The WSJ revealed a brazen hack by Chinese state-sponsored bad actors who totally owned more than 10 global telecom networks, and had full admin access to their networks. They were able to swipe users’ whereabouts, text-messaging records and call logs.
They reported: “The multiyear campaign, which is continuing, targeted 20 military officials, dissidents, spies and law enforcement—all believed to be tied to China—and spanned Asia, Europe, Africa and the Middle East, says Cybereason Inc., a Boston-based cybersecurity firm that first identified the attacks. The tracked activity in the report occurred in 2018.” Here is a graphic how these hacks went down. The source is Cybereason, which is run by former Israeli counterintelligence members:
The APT 10 group, also known as cloudhopper, is believed by cybersecurity experts to be backed by China’s government based on its history of going after data that is strategic and not immediately monetizable.
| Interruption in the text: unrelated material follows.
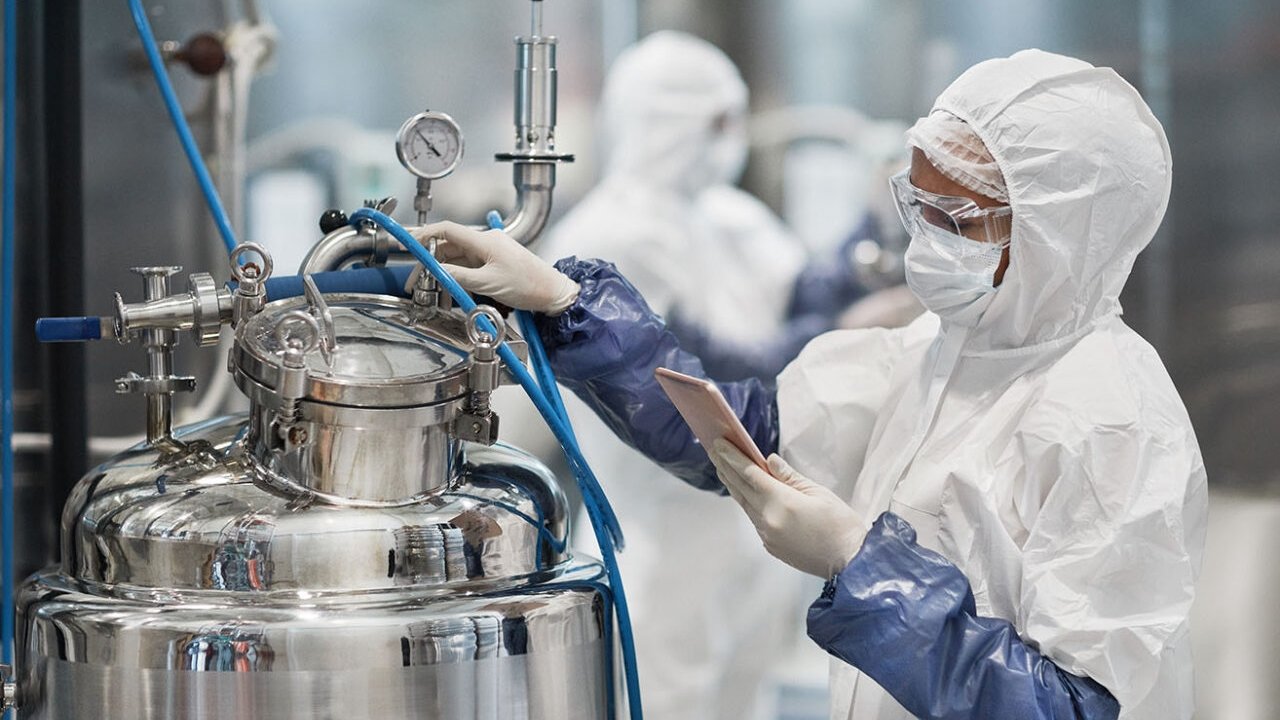 Portrait of female worker wearing protective suit while operating equipment at modern chemical plant, copy space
The group has been less visibly active this year following the Justice Department indictments, though is likely still around, said Ben Read, senior manager of cyber espionage analysis at FireEye Intelligence.
Once inside, the hackers stole login credentials, identifying computers or accounts with access to the servers containing the call-data records. They cloaked themselves even more by creating admin accounts and covering their digital tracks with virtual private networks, or VPNs, which made the behavior appear as if it had come from legitimate employees.